Image-caption web data »

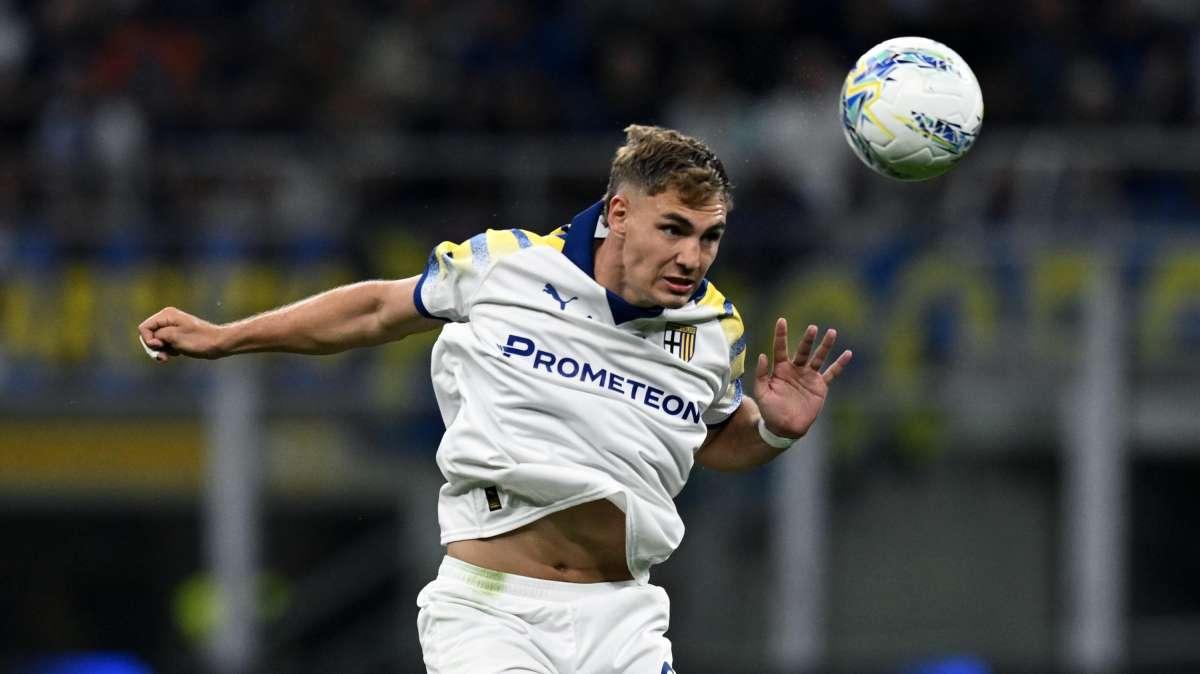 Parma-Sassuolo 1-0, gol 
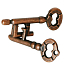 Albi Puzzle Metal - neoddeliteľné kľúče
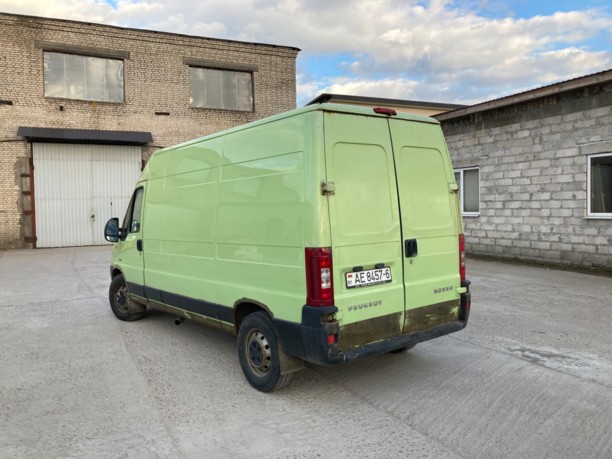 Peugeot Boxer, 2006 г.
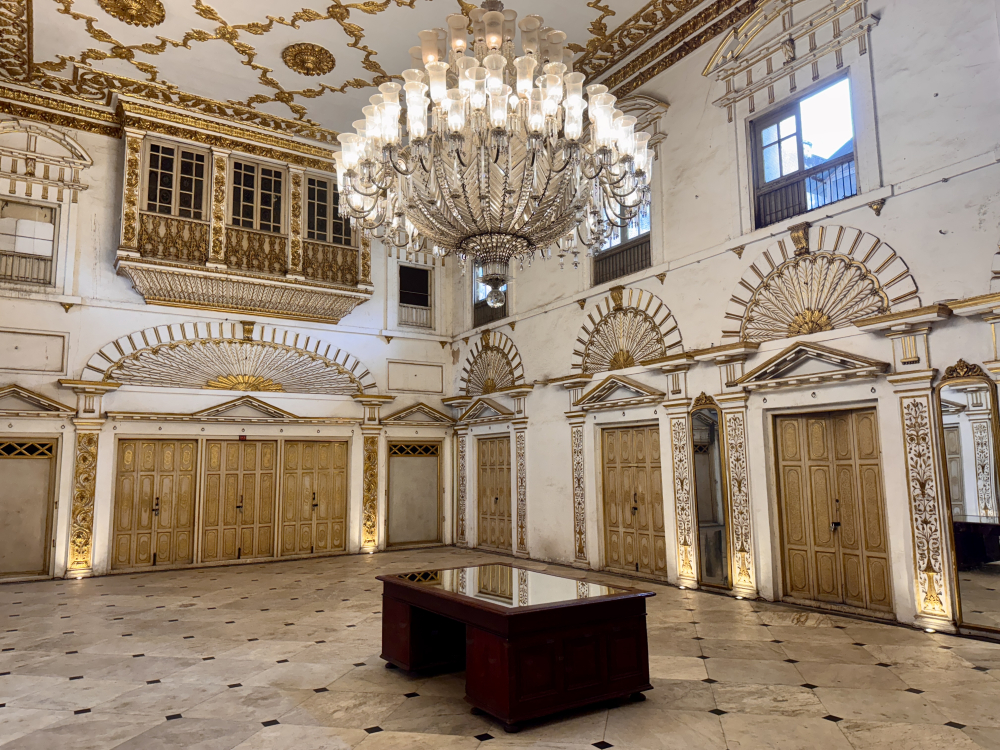 Darbar Hall in Moti Mahal. (Picture Credits: Meenakshi Vashisth)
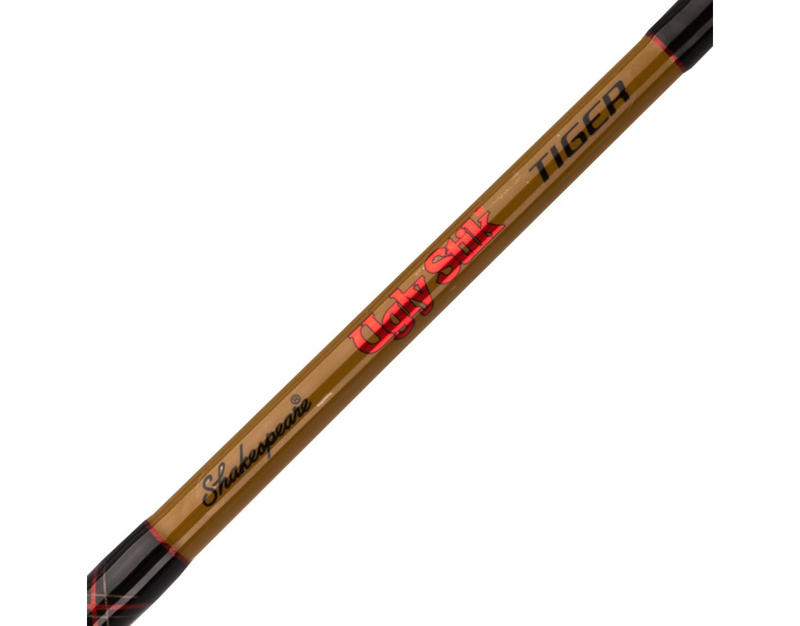shakespeare ugly stik tiger rod 7' 7' Casting Rod, 1-Piece Nearshore/Offshore Rod, 20-50lb Line Rating, Medium Power, 1-6 oz. Lure Rating, Versatile and Dependable : Sports & Outdoors powered engines Shakespeare Ugly Stik Tiger Spinning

EXERCISE INSTRUCTIONS » Copy out exactly the lines between the line containing "Darbar Hall in" and the end of the entries, including both, and leave the pictures behind.

SOLUTION »
 Darbar Hall in Moti Mahal. (Picture Credits: Meenakshi Vashisth)
shakespeare ugly stik tiger rod 7' 7' Casting Rod, 1-Piece Nearshore/Offshore Rod, 20-50lb Line Rating, Medium Power, 1-6 oz. Lure Rating, Versatile and Dependable : Sports & Outdoors powered engines Shakespeare Ugly Stik Tiger Spinning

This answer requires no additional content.